▶ Source material:
**********

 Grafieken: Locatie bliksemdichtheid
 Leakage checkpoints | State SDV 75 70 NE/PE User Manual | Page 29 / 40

**********

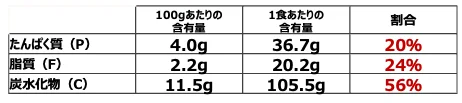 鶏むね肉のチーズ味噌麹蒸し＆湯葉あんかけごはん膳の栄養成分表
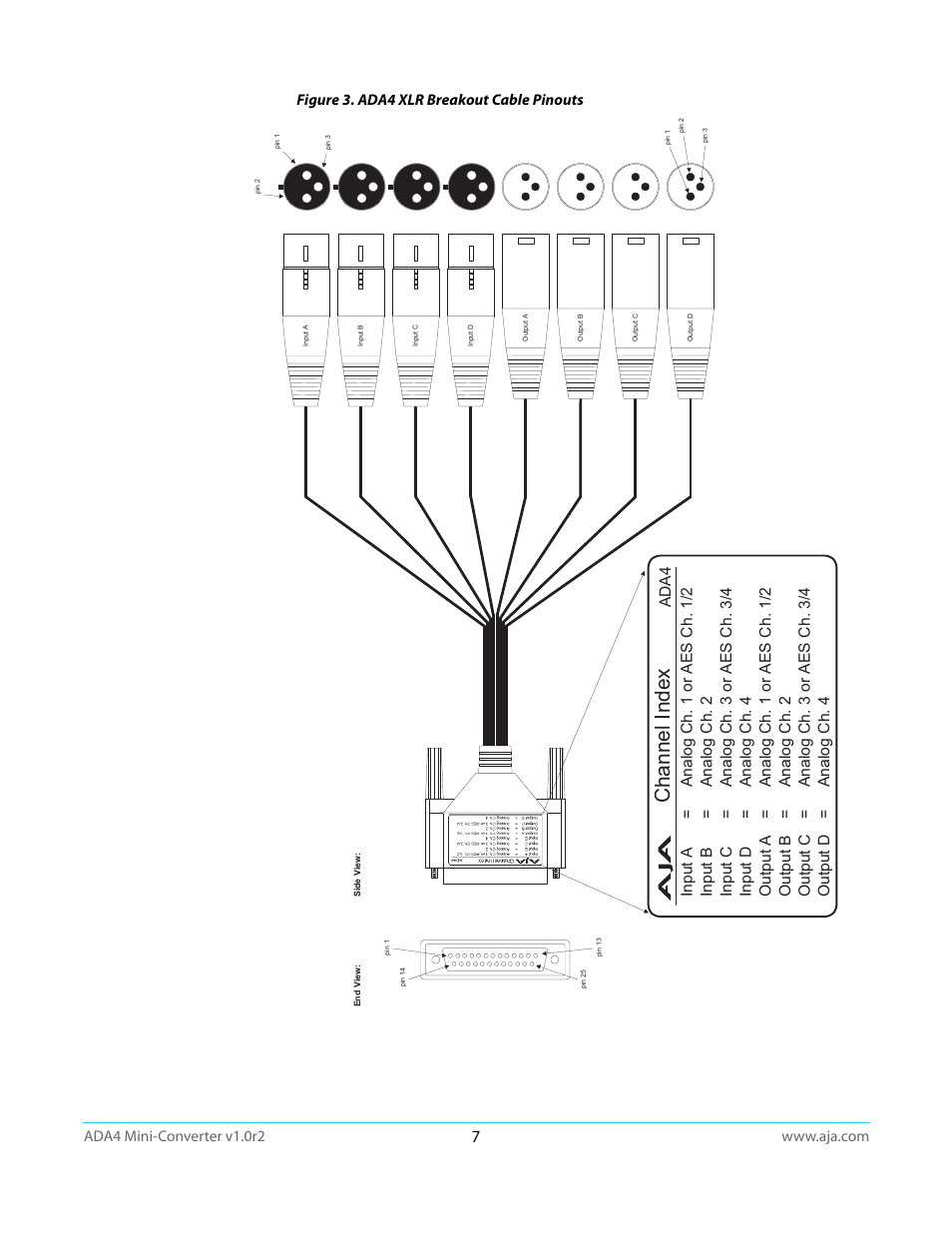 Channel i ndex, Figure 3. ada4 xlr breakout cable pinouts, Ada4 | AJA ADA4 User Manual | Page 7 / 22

**********

▶ Goal of the exercise: Copy out, word for word, the part of the entries above that begins at the line with "Grafieken: Locatie bliksemdichtheid" and ends at the line with "Leakage checkpoints |", including both.

▶ Answer to this task:
 Grafieken: Locatie bliksemdichtheid
 Leakage checkpoints | State SDV 75 70 NE/PE User Manual | Page 29 / 40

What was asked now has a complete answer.